“In tight markets, poor and middle-class households are forced to compete with one another for scarce homes. So new market-rate housing eases that competition, even if the poor are not the ones living in it. Over time, new housing also filters down to the more affordable supply, because housing becomes less desirable as it ages. That means the luxury housing being built today will contribute to the middle-class supply 30 years from now; it means today’s middle-class housing was luxury housing 30 years ago.”
“When presented last month with Residocracy’s “Land Use Voter Empowerment” initiative (LUVE), the council requested a Section 9212 report, which it received from city staff last week. The council will consider the report at its meeting tomorrow night.
The 65-page report is negative about LUVE, which would, in general but with some exceptions, require voter approval of new construction taller than 32 feet. The report finds not only that LUVE would have many negative unintended consequences, such as making post-earthquake reconstruction problematic, but also that LUVE would have a negative impact on its ostensible intended consequences, such as preventing worsening traffic congestion and gentrification.”

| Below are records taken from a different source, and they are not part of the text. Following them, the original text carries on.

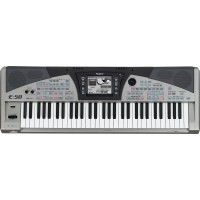 Синтезатор Roland Е50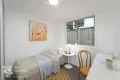Property photo of 4A Edden Street West Wallsend NSW 2286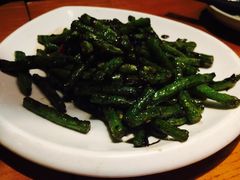 -蜜桃餐厅·古运河畔(南下塘店)
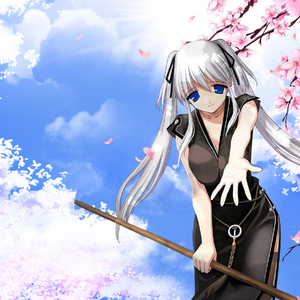 蓝手套哥训猴原版视频完整版
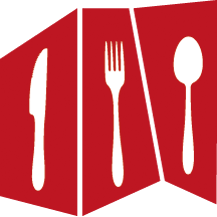 Eventgastronomie Ratingen GmbH.jpg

“The use of referenda is especially inappropriate in this case given the complexity of zoning issues and urban planning. Research into direct democracy from Switzerland suggests that voters with less education are more likely to reject complex propositions or not vote at all; it is difficult for most voters to calculate the benefits and costs to them of complex propositions like general plans, specific plans and development proposals. In the case of LUVE, is the average voter expected to review construction plans and read through thousands of pages of CEQA documents in order to come to an informed decision?”